━━ Input for this task ━━
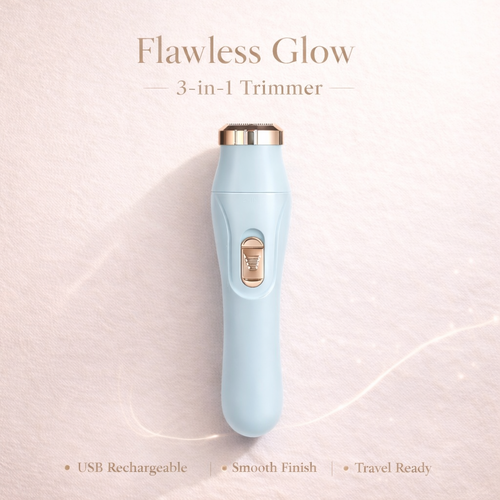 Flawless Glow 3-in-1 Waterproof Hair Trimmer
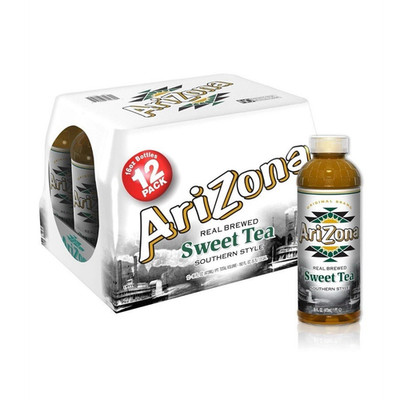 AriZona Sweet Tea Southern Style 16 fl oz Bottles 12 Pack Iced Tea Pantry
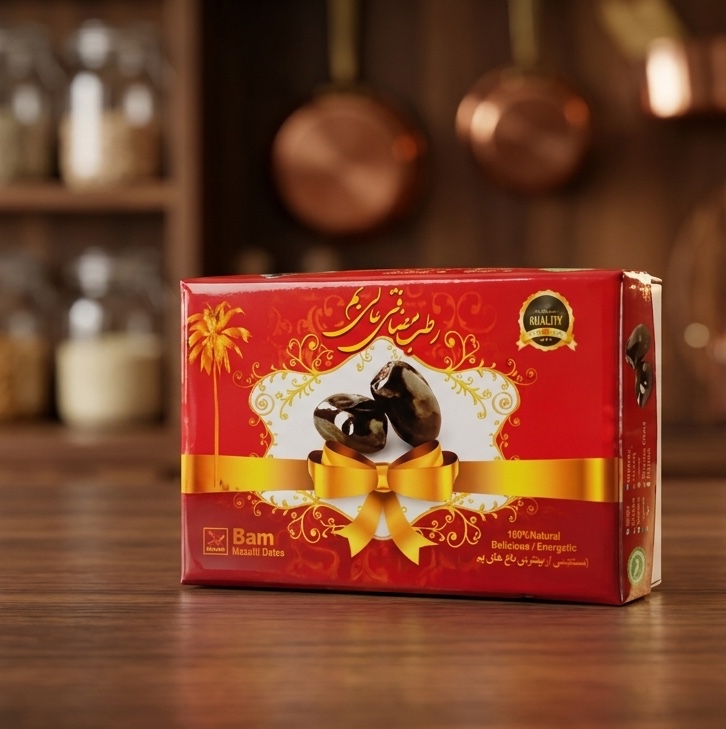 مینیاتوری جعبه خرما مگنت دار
━━━
━━ Input for this task ━━
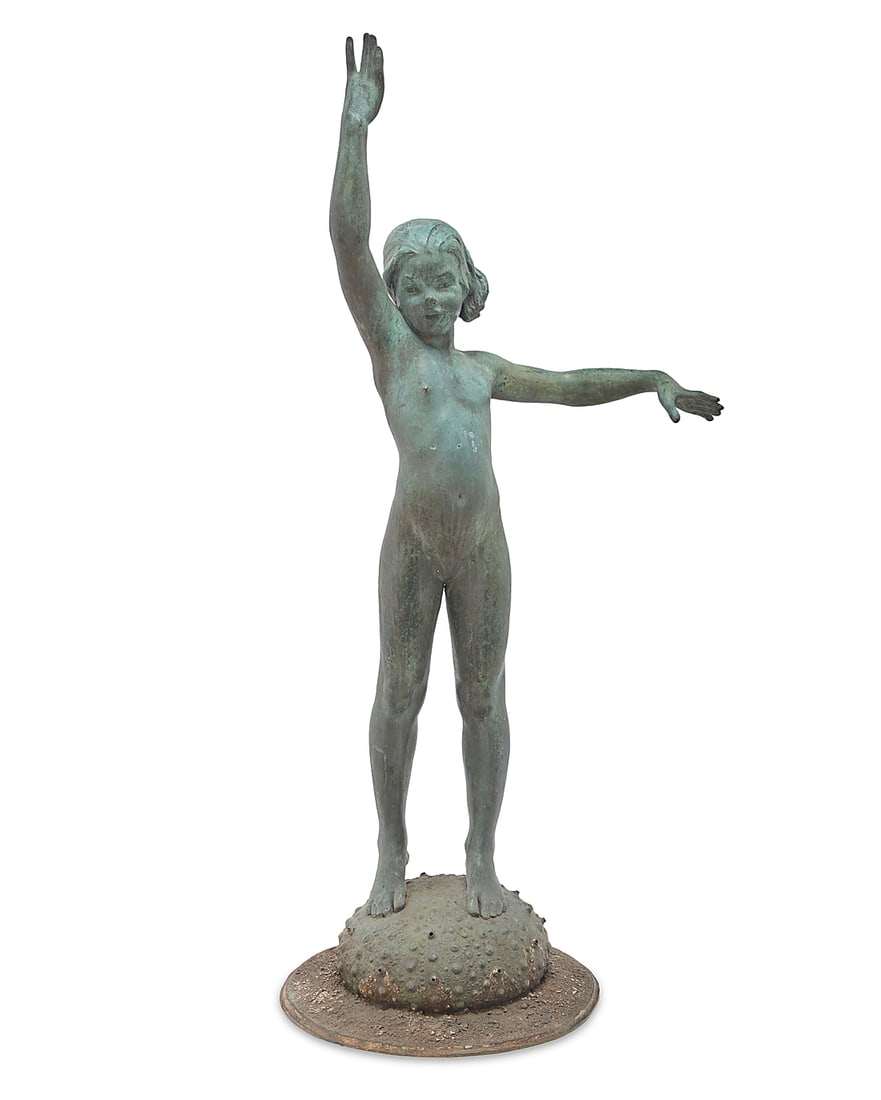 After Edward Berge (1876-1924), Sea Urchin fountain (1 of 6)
━━━
Look above for the line with "Flawless Glow 3-in-1 Waterproof Hair Trimmer" and the line with "مینیاتوری جعبه خرما مگنت دار". Copy them and every line between, exactly, but no pictures.

 Flawless Glow 3-in-1 Waterproof Hair Trimmer
 AriZona Sweet Tea Southern Style 16 fl oz Bottles 12 Pack Iced Tea Pantry
 مینیاتوری جعبه خرما مگنت دار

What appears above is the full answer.